I now find myself in an odd place: I see the beauty and the darkness of Christianity... of religion. For a moment, the beauty overwhelmed me as it once had and I was filled with a desire to return to normalcy. I had strayed so far from everything and everyone that I once knew and loved… and I wanted to return. I wanted to be normal again. And so I was, for a short while.
But I know I’m done with that life now. I thought I could go back, I thought I did go back. I suppose its no surprise though, I’ve been wrong about plenty of things before!
I find myself exasperated with close-mindedness. Any idea that is different is labeled heretical and obviously wrong. Eleanor Roosevelt said, "Great minds discuss ideas; average minds discuss events; small minds discuss people." I have been relegated to the latter two with almost all of my Christian friends - and for someone who longs for depth, that is a relationship's death knell! We no longer have a connection point because they don't want to discuss ideas or entertain thoughts that are different than their own.
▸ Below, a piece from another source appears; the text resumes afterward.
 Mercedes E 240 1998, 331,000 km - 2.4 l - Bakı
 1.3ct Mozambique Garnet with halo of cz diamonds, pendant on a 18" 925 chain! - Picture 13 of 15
But I find that talking with someone who has different ideas and thoughts (and has thought through things to come to those ideas and thoughts) is quite engrossing.
Please, don't be afraid of me - I mean no harm. I wouldn't ask the questions if I didn't think they were important.
“Being religious means asking passionately the question of the meaning of our existence and being willing to receive answers, even if the answers hurt.”